In this case the anagen phase has shortened and the hair fibre continually goes into resting phase early resulting in a larger percentage of hairs in telogen phase. Sometimes shedding continues over month or years.  Chronic telogen effluvium does not cause complete hair loss and the hair follicle unit is not damaged.  If the telogen to anagen ration can be restored shedding will gradually reduce and normal hair density will be restored.  When the anagen to telogen ration is restored, it may take several months for hair to return to normal thickness.
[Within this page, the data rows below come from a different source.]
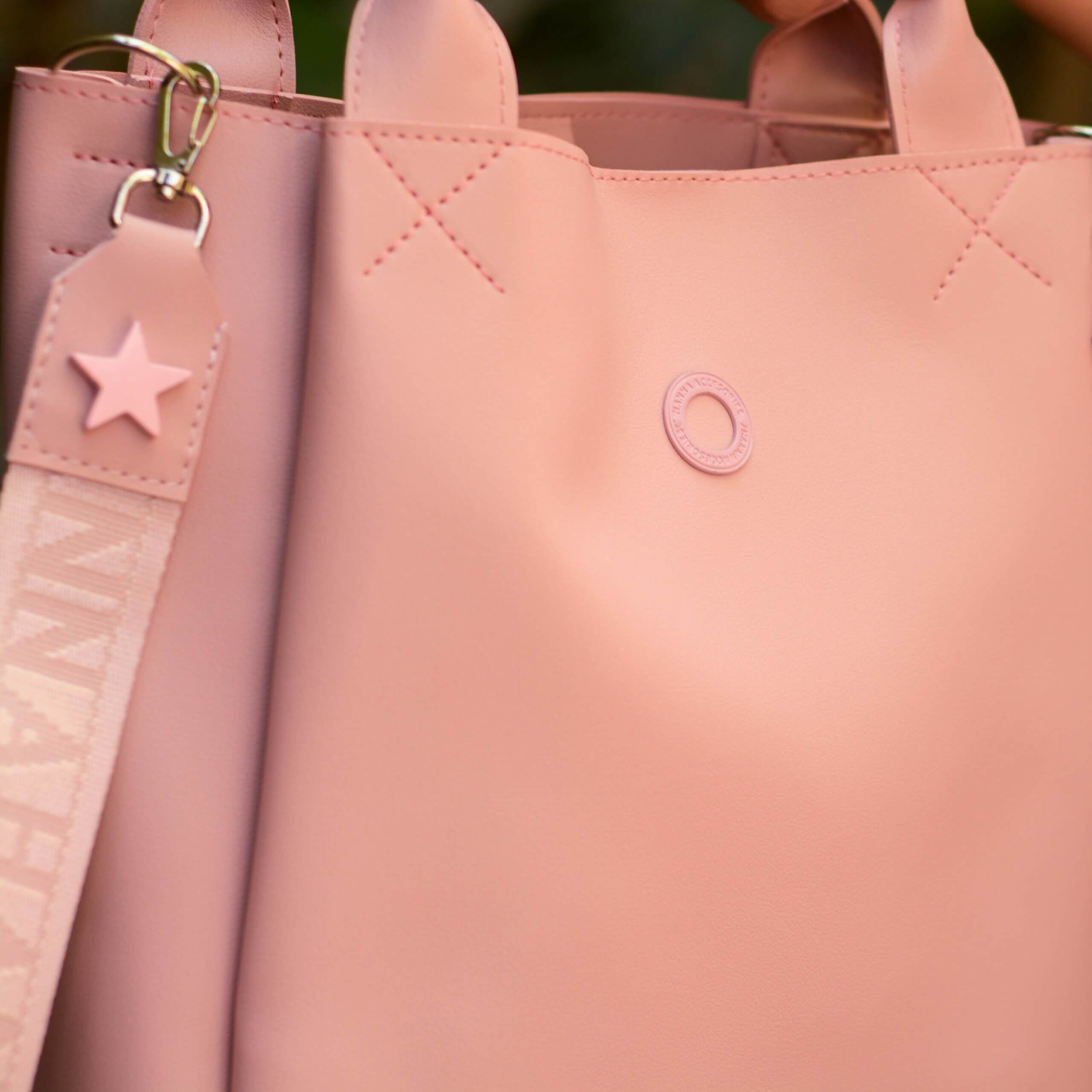 Cartera Carrie - Imagen 6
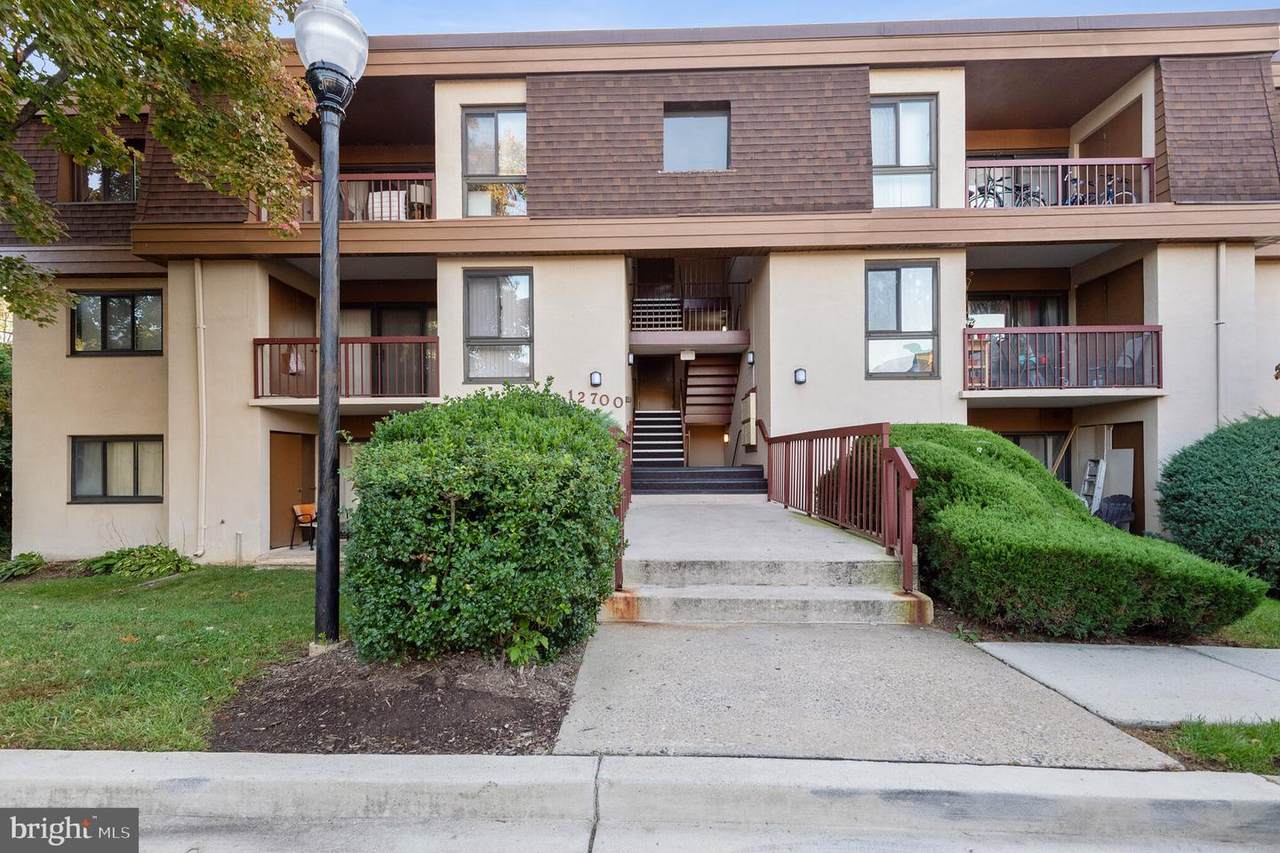 12700 Veirs Mill Road - Photo 1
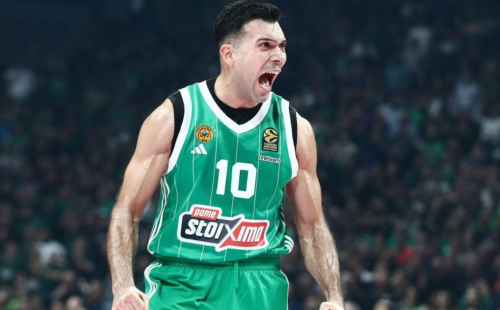 sloukas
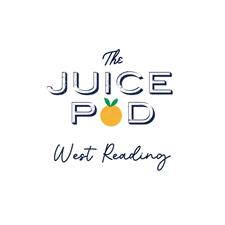 The Juice Pod West Reading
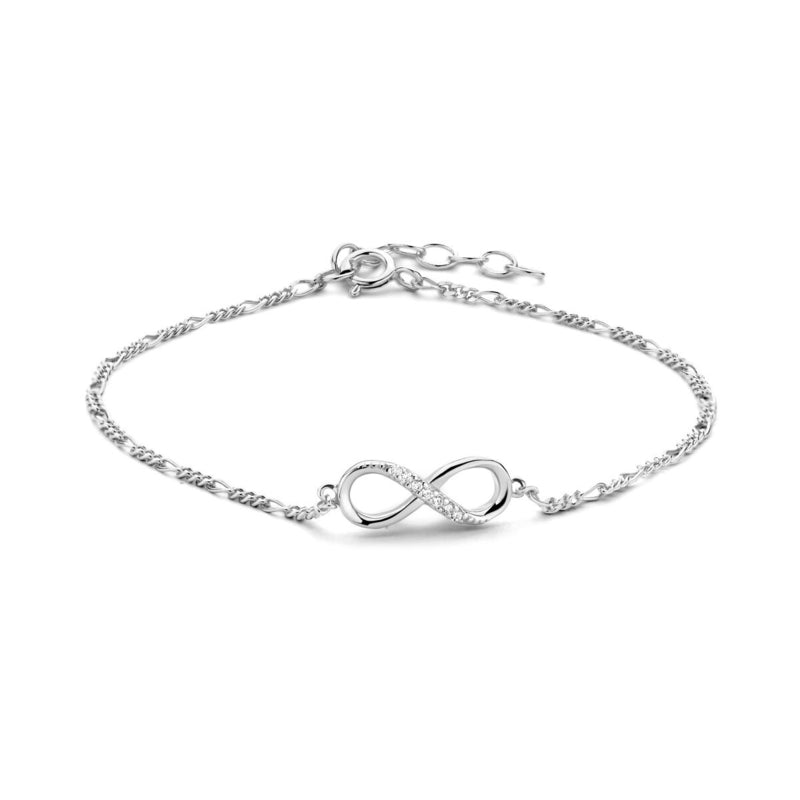 Armband Infinity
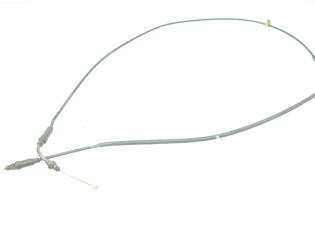 CABLE ACCELERATEUR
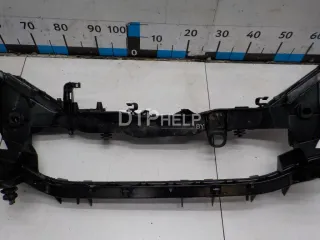 1508632 Панель передняя Ford C-max 1 Арт AM52571436, вид 7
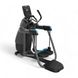 Адаптивний тренажер Precor AMT 835 Open Stride, PR-PHRCA835GG306030EN (Storm Grey) PR-AMT-835 фото 2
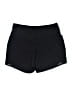 Active by Old Navy Solid Black Athletic Shorts Size S - photo 1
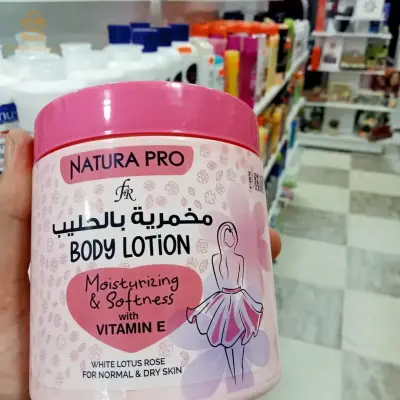 مخمرية بالحليب $🤍🤍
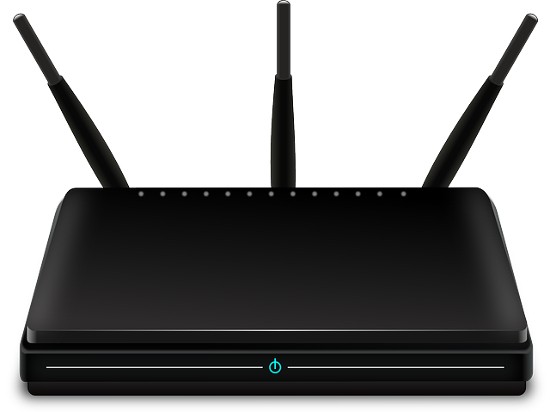 Mejor router ADSL
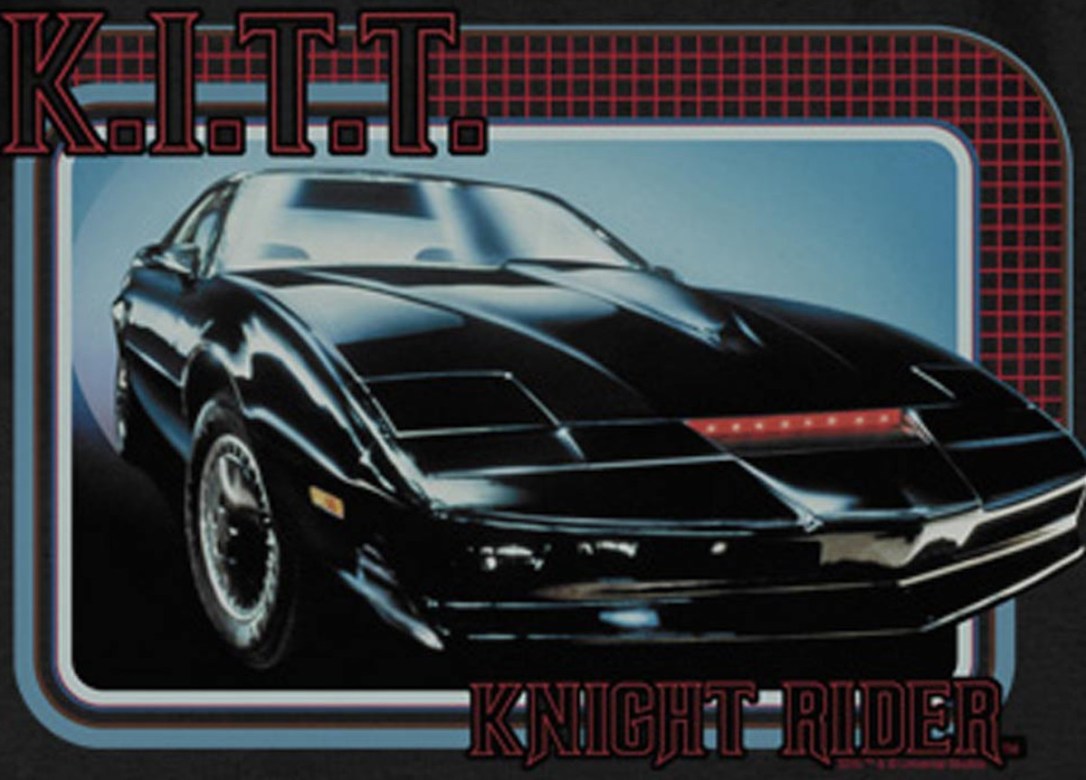 kitt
Telogen effluvium is diagnosed when a clinical examination shows diffuse hair thinning, when a hair pull test is positive or by trichogram investigation.  If hair loss is focused in any particular area such as the temples or crown, other types of hair loss should be considered.  A hair pull test is a popular and simple method of diagnosing the condition.  A hair pull test is positive when more than 10% of hairs can be removed with a light tug.

Trichogram investigation can establish the exact percentage of club hairs to confirm the hair pull test.  For more severe cases of chronic telogen effluvium, a scalp biopsy can establish the ratio of terminal (mature) hair fibres and confirm the absence of inflammation or fibrosis around the hair follicle.

Diagnosing telogen effluvium


Blood tests can be used to identify common causes or contributors to telogen effluvium.

Thyroid function |Low thyroid function can contribute to slow growing hair that sheds excessively.  Thyroid hormone is necessary for the production of keratin protein within the hair matrix.

Zinc | Low levels of zinc are linked to a decrease in growth hormone and related growth factors.  Zinc is also required for steriodogensis, and the inhibition of dihydrotestosterone (DHT).

B Vitamins | These vitamins are crucial for hair growth and normal metabolic cell function.  Clinical trials prove links between low levels of B-complex vitamins are linked to hair loss.

Ferritin / Serum Iron / TIBC / Transferrin saturation | Iron deficiency contributes to hair loss and can be identified by serum ferritin, serum iron, and TIBC (total iron binding capacity).  Low ferritin levels are diagnostic marker of an iron deficiency but high levels do nor confirm low iron availability in the body.

Vitamin D | Hair loss is associated with low levels of vitamin D and other fat-soluble vitamins.  Vitamin D has emerged as the second most important nutrient (after iron) in healthy body functioning.  Scalp biopsies in balding heads have shown that affected follicles have an increased level of vitamin D receptors on the cell membrane.

Cholesterol |  Abnormal levels of cholesterol can contribute to hair loss.  Research shows that. Cholesterol homeostasis affects to hair follicle biology and normal formation of the hair matrix.


It is important to note that in a majority of cases telogen effluvium is a short-term condition that self-corrects with no intervention.  If shedding continues for more than 6 months or your hair does not return to its normal density within 12 months you may want to seek advice.  Speak to your doctor about hair loss diagnostic options and speak to a hair loss expert that can interpret blood tests for hair loss.

There are a number of treatment options available for telogen effluvium and often hair loss can be recovered in a number of months.  Remember to eat regularly, exercise, and check for common vitamin and mineral deficiencies that can contribute to the problem.


  1. Kligman, A.M., 1961. Pathologic dynamics of human hair loss: I. Telogen effluvium. Archives of dermatology, 83(2), pp.175-198.
  2. Palmer, M.A., Blakeborough, L., Harries, M. and Haslam, I.S., 2020. Cholesterol homeostasis: Links to hair follicle biology and hair disorders. Experimental dermatology, 29(3), pp.299-311.